Heat take 2-1 lead over Pistons
Pistons’ late rally is wasted in Miami
May 27, 2006
BY JON PAUL MOROSI
FREE PRESS SPORTS WRITER
Miami's Dwyane Wade drives to the basket against Detroit's Ben Wallace in Saturday night's Game 3 in Miami. (KIRTHMON F. DOZIER/DFP)
MIAMI -- The Pistons trail 2-1, in the Eastern Conference finals. And that is the least of their worries.
What happened here Saturday night -- the Miami Heat's 98-83 deconstruction of the once-fearsome Pistons -- was more than a loss. It was a showcase of the many reasons why this team may fall fantastically short of the championship expectations that have followed them into arenas for three years.
The Pistons are not playing their trademark defense. They are not scoring in the paint -- to the tune of a 50-16 disadvantage there Saturday.
And there may already be some signs that their model collectivism has cracked -- along the walking fault line that is the talented, hard-to-figure Rasheed Wallace.
In what may either be a telling display of discord, or a simple act of frustration, Wallace brushed past Pistons coach Flip Saunders on his way to the bench after leaving the game in the first half.

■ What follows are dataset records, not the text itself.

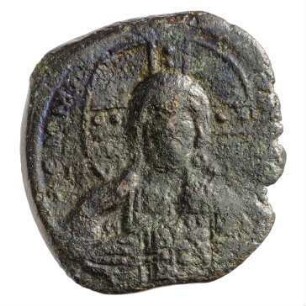 Münze, Follis, 1020 - 1035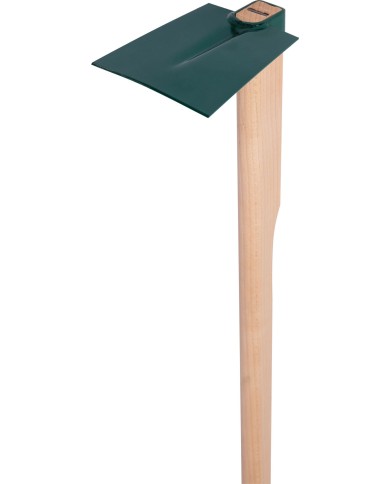 Motyka FED 208/1200, plochá, 125 mm, drevená násada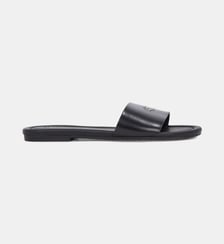 Mules plates signature Calvin Klein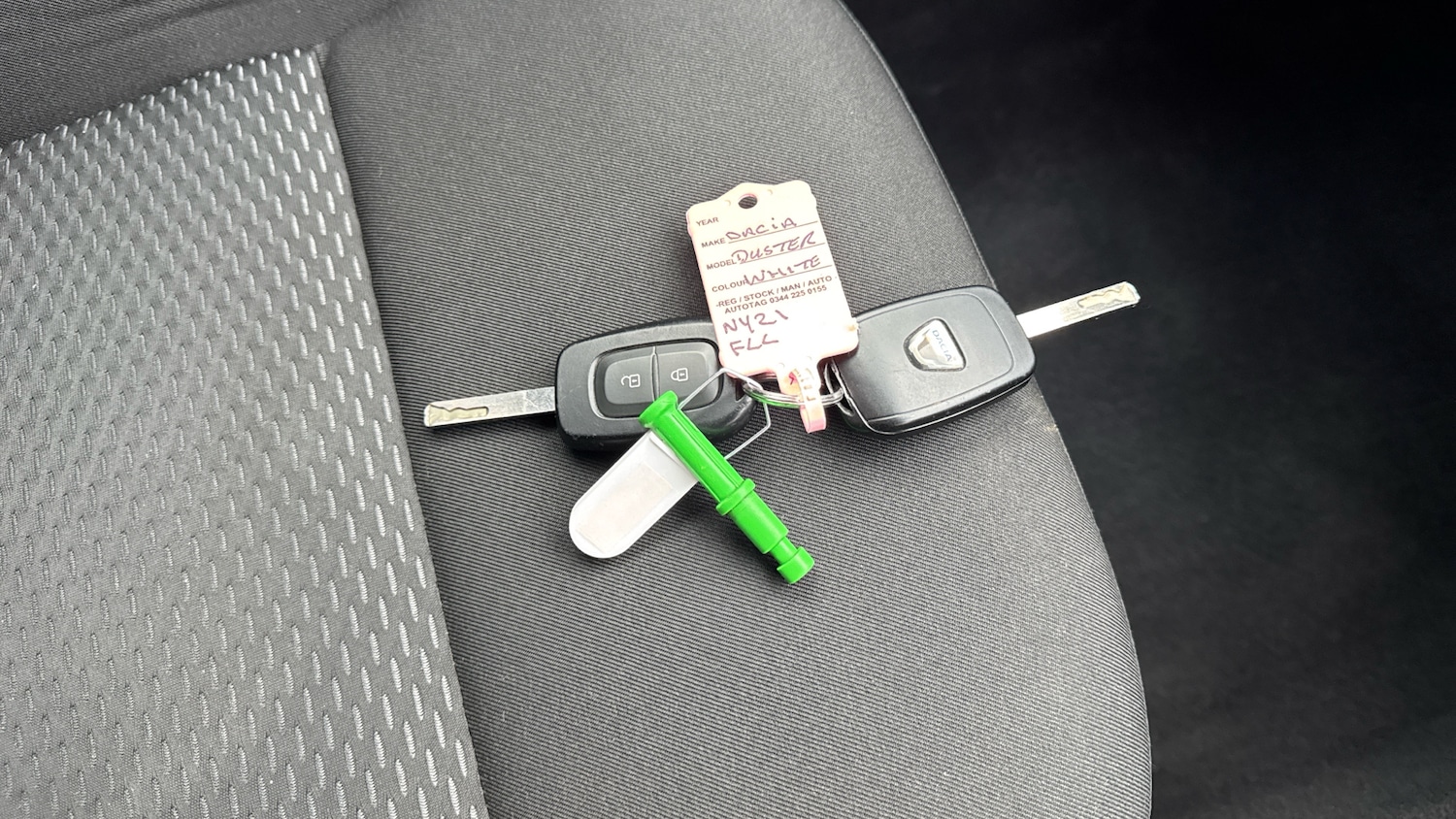 Used Dacia Duster 2021 for sale - 77114119: Photo 20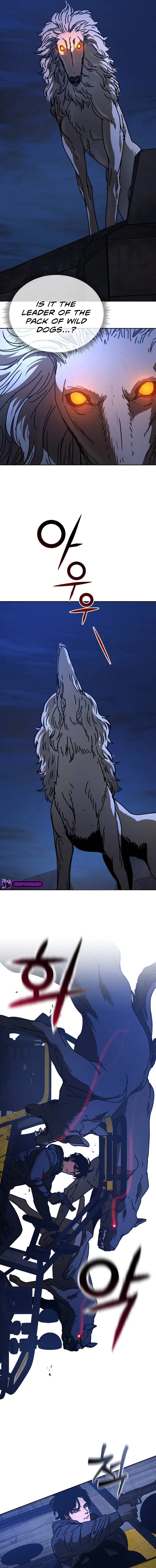 Hiding Out In An Apocalypse chapter 14 page 9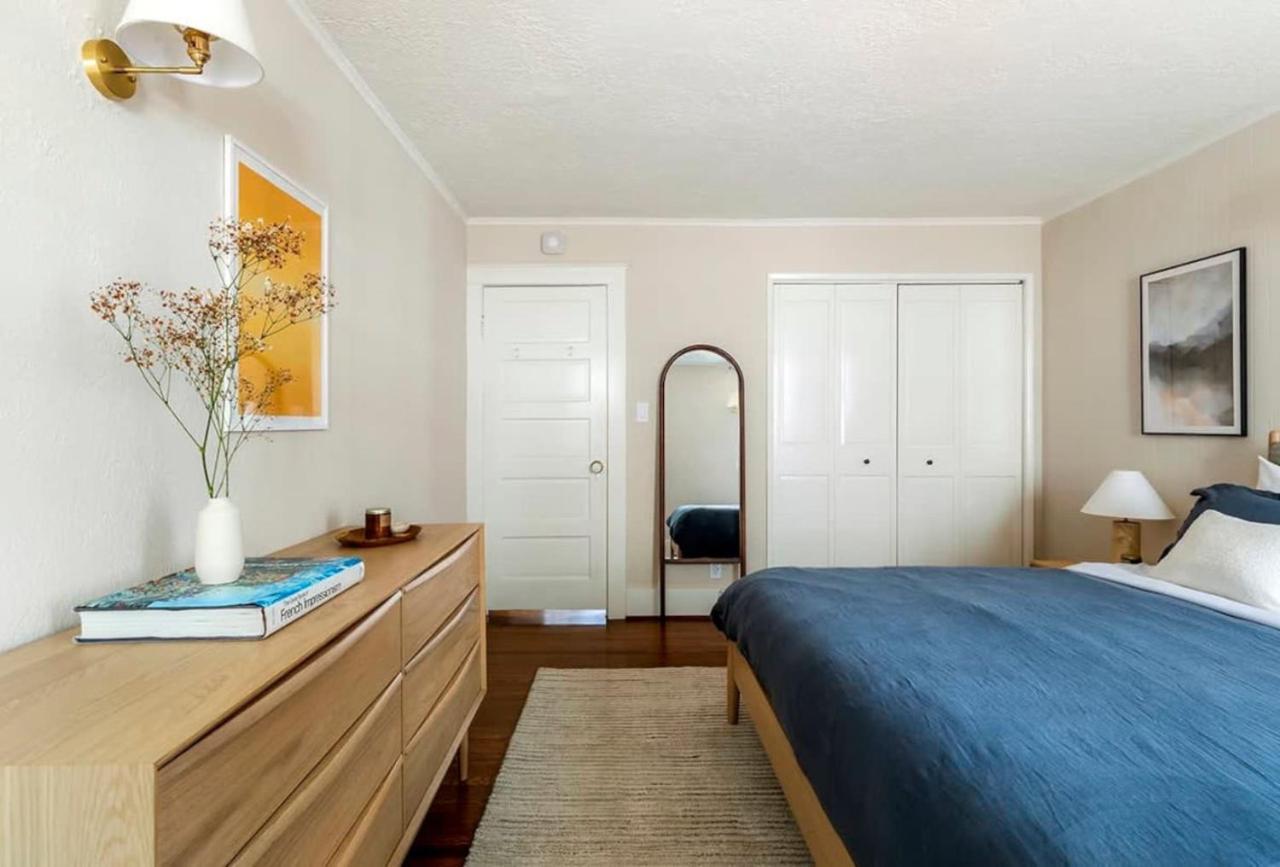 Ferienhaus Charming Walk Street - A Venice Hideaway Los Angeles
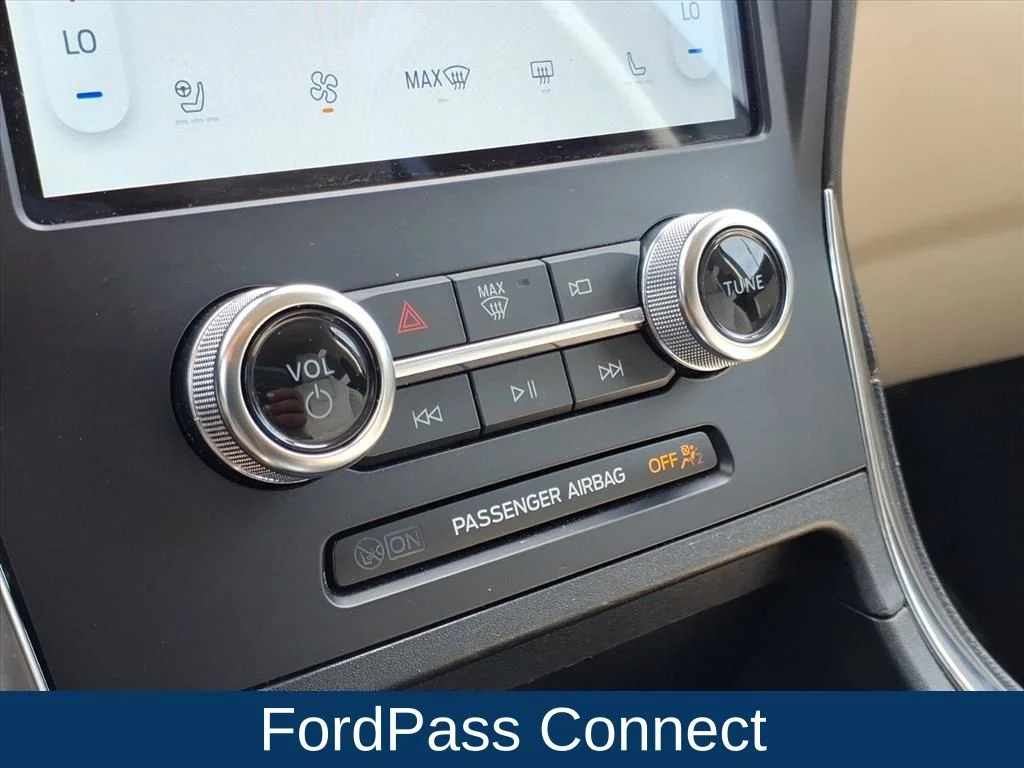 Used 2024 Gray Ford Titanium image 6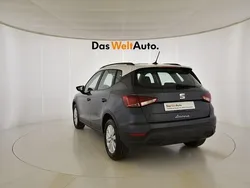 Gris Usado 2023 Seat Arona Style SUV | 19.490 € (Precio justo)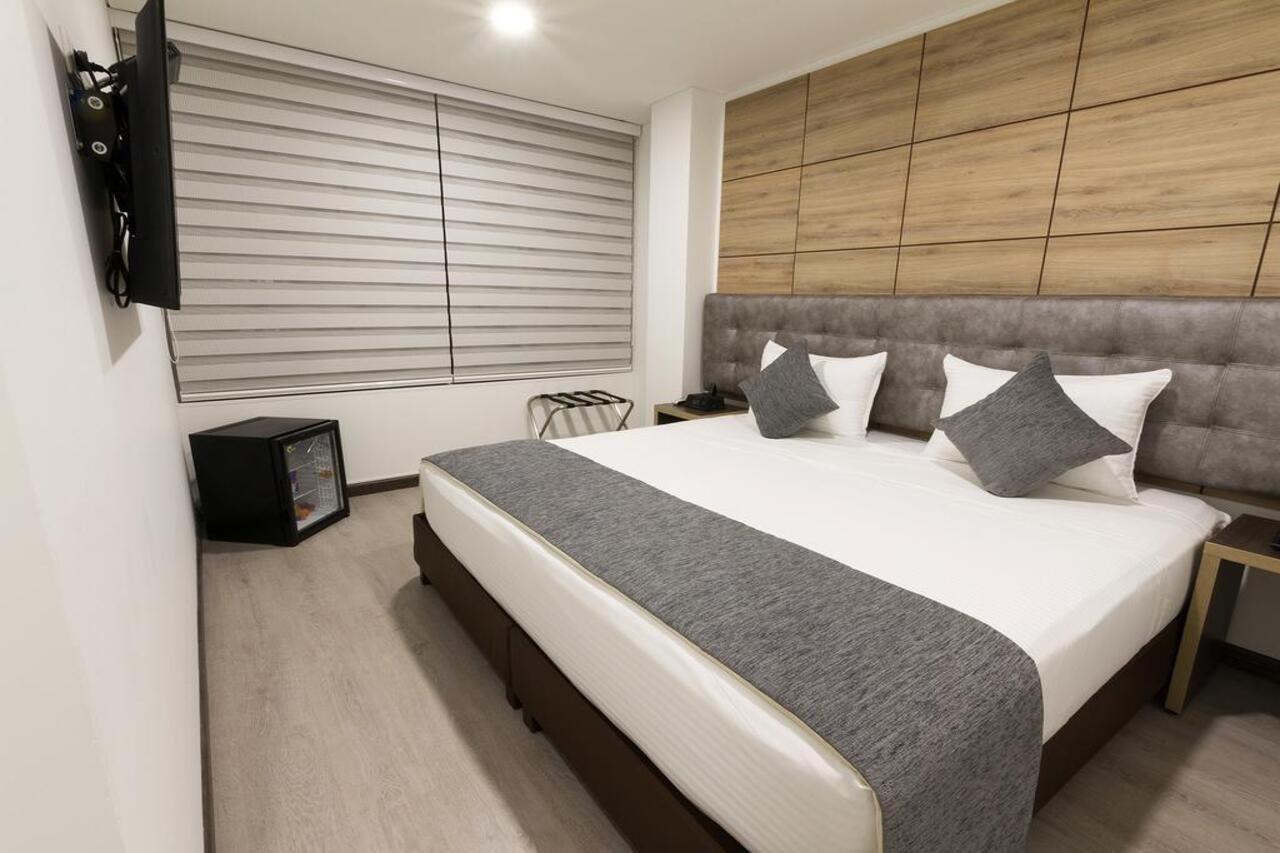 Bog Urban Hotel Bogota Exterior photo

Saunders extended his hand. Wallace did not shake it.
Later, after the Heat took an 11-point lead into the second half, Wallace found his stroke. He hit a three-point play to start the half. Then he nailed a 12-foot fadeaway. Then he buried a three-pointer. Suddenly, after hobbling on his ankle for over a week, he seemed himself again. And then he disappeared.
He fouled Shaquille O'Neal and missed his next three-pointer. Soon, he was on the bench. He scored only two points thereafter, finished with 11, and did not speak to reporters afterward.
"We need to let Rasheed go to work," said Antonio McDyess, who, somewhat ironically, was the one who replaced Wallace in the lineup. "He was dominating down there. Then we went away from that.
"We started calling plays that weren't working."
Asked if Wallace's reduced touches were the result of play-calling or the players' decisions, McDyess said, "It doesn’t matter if it was play calling. We should've recognized it. You don't go away from a guy who has the hot hand, like Rasheed."
"At that point, I would think you should've gotten Rasheed the ball, play-calling or not," McDyess continued. "He should've gotten the ball. Point blank. He was going. He was feeling good about himself. He missed one shot, and came to the bench frustrated because he missed the shot. Still, that’s not a reason to go away from him."
In his news conference, Saunders explained that Wallace had been removed because of foul trouble -- he had five -- but that the Pistons had made a "conscious effort to get him the ball in the third quarter when he got going a little bit."
Wallace was back on the floor, late in the fourth quarter, when Saunders initiated a tactic that would have been foreign to the title-winning 2004 team. With 4:28 left and the Pistons trailing by eight, 83-75, Saunders got Ben Wallace's attention, made a bear-hug motion, and pointed toward O'Neal. Once the ball was passed inbounds, Ben Wallace bear hugged O'Neal for a foul. O'Neal went to the line. He missed both.
Hack-a-Shaq worked. And then it didn't. O'Neal grabbed the rebound. Richard Hamilton fouled him. Naturally, O'Neal hit the next two free throws to restore a 10-point lead.
Earlier, the Pistons staged a furious comeback, led by Billups and Rasheed Wallace, who buried a jumper early in the third quarter for his 10th point of the second half. It cut the deficit to 74-67. At that point, Miami had not scored in the fourth quarter. And the next points -- the next six, in fact -- belonged to Billups. He was knocked back as he hit the last one, to pull the Pistons within one. Pat Riley called timeout.
But the Pistons never got closer than that. McDyess missed a difficult lay-up that would have given them the lead, before fouling Dwyane Wade on the other end for a three-point play. Wade glared into the crowd. He seemed sure the game was over. And it was.
"Big turnaround," McDyess said. "Foul, who knows? Dwyane Wade, Antonio McDyess --
OK, Dwyane Wade gets that call every time. Then he comes down and get a three-point play.
"I thought Shaq pulled me down, and they called it one me. They're at home. They get the calls."
Billups, the easiest name to blame after a sluggish Game 1, was not the problem on this night. He distributed the ball well. His teammates, though, did not take enough of the open shots Billups and his fellow guards had created.
They cringed through a 2-for-10 performance from the foul line by Ben Wallace. They witnessed a comedown from Tayshaun Prince, who had three points after being an offensive star two nights before.
"Ain't the Detroit Pistons I know," McDyess said. "We normally shut people down. We get stops. This is how we win.
"It's like a broken record now. We keep saying, 'Defense, defense.' But nothing changes."